Putting that another way, there's a fundamental disconnect between how file system calls work and how NSURL works. File system APIs are built as "retrieval APIs" which return as much data as possible in a single call (stat being an obvious example). All of the data returned by each system call represents the exact state of that object at a particular "instant" in time. It may not be right "now" (the file system can be constantly changing) but it WAS right at some moment in time.

On the other hand, NSURL (and lots of other API layers) want to let you retrieve individual elements separately, but that means the API then needs to decide whether to:

  1. Return the data it retrieved in an earlier call, which is both faster and provides a more "coherent" picture of the file system state, since the data being retrieved is coming from the same "fetch".

  2. Fetch new data, which is more accurate but creates inconsistent results between the "current" state and the "previous" state.

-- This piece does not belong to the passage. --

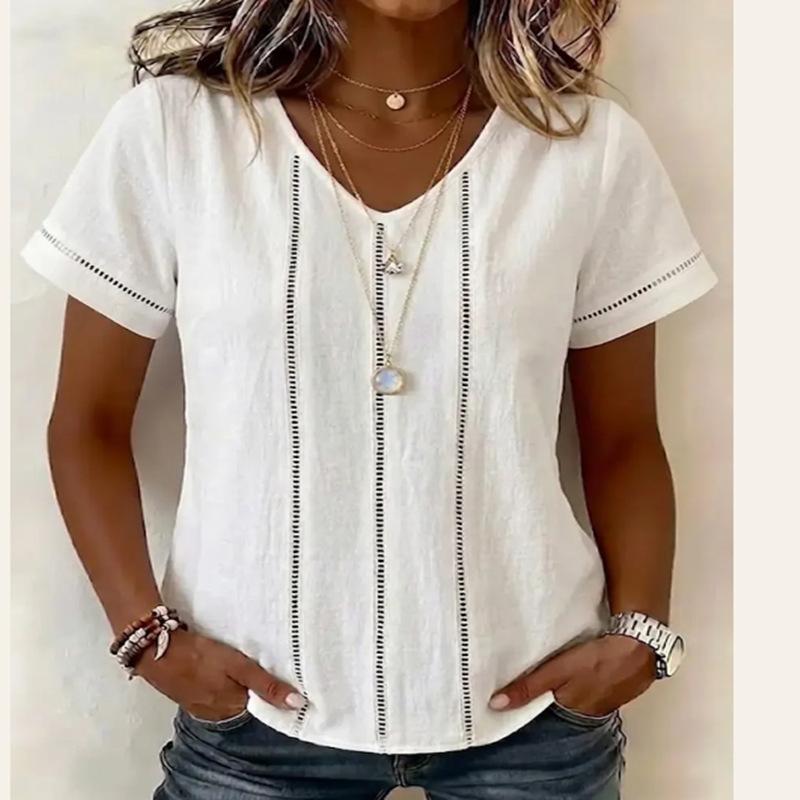Women V Neck Short Sleeve Lace Splicing Casual Loose Blouse Top S белый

ACTUALLY doing #2 for every call is a terrible idea for both performance and coherence issues, but that means we're basically stuck trying to sort out when to reset, not if we're going to cache.

As a side note here, an API like URL.resourceValues(forKeys:) gets you much closer to how the file system itself works, since you're not retrieving a fixed dictionary from a particular instant, NOT an ambiguous data smear.

I can easily reproduce this with NSFileManager using the following steps:

  1. -trashItemURL:resultingItemURL: - grab the resultingItemURL.
  2. Put an empty new folder in the exact same location you just trashed.
  3. Compare the NSURLFileResourceIdentifierKey of the URLs you got from resultingItemURL with the new folder at its old location and they match - until you programmatically remove the cached value.

Huh. That's really weird. How did you construct those URLs? Are you building them from string paths or getting them from the system (like through an open panel or by enumerating the directory)? What does "isFileReferenceURL” mean and what happens if you do the same check but call "fileReferenceURL" on both URLs first?

__
Kevin Elliott
DTS Engineer, CoreOS/Hardware

ACTUALLY doing #2 for every call is a terrible idea for both performance and coherence issues, but that means we're basically stuck trying to sort out when to reset, not if we're going to cache.

I agree. IMO the problem is not that NSURL is caching the problem is the way it caches. The way it caches forces me to cache on top of it. The documentation claims it only caches for 1 run loop turn but as previously mentioned that is not always the case and certain values tend to get 'stuck.'

Building a cache on top of NSURL resource values which may or may not be stale can cause all sorts of weird behavior if you don't call -removeCacheResourceValues so I can cache on the true value...but NSURL I assume makes its cache thread safe so -removeCacheResourceValues probably isn't so cheap. Doesn't that mean the url cache is costing me performance by requiring me to clear it to get to the true values I really want to cache?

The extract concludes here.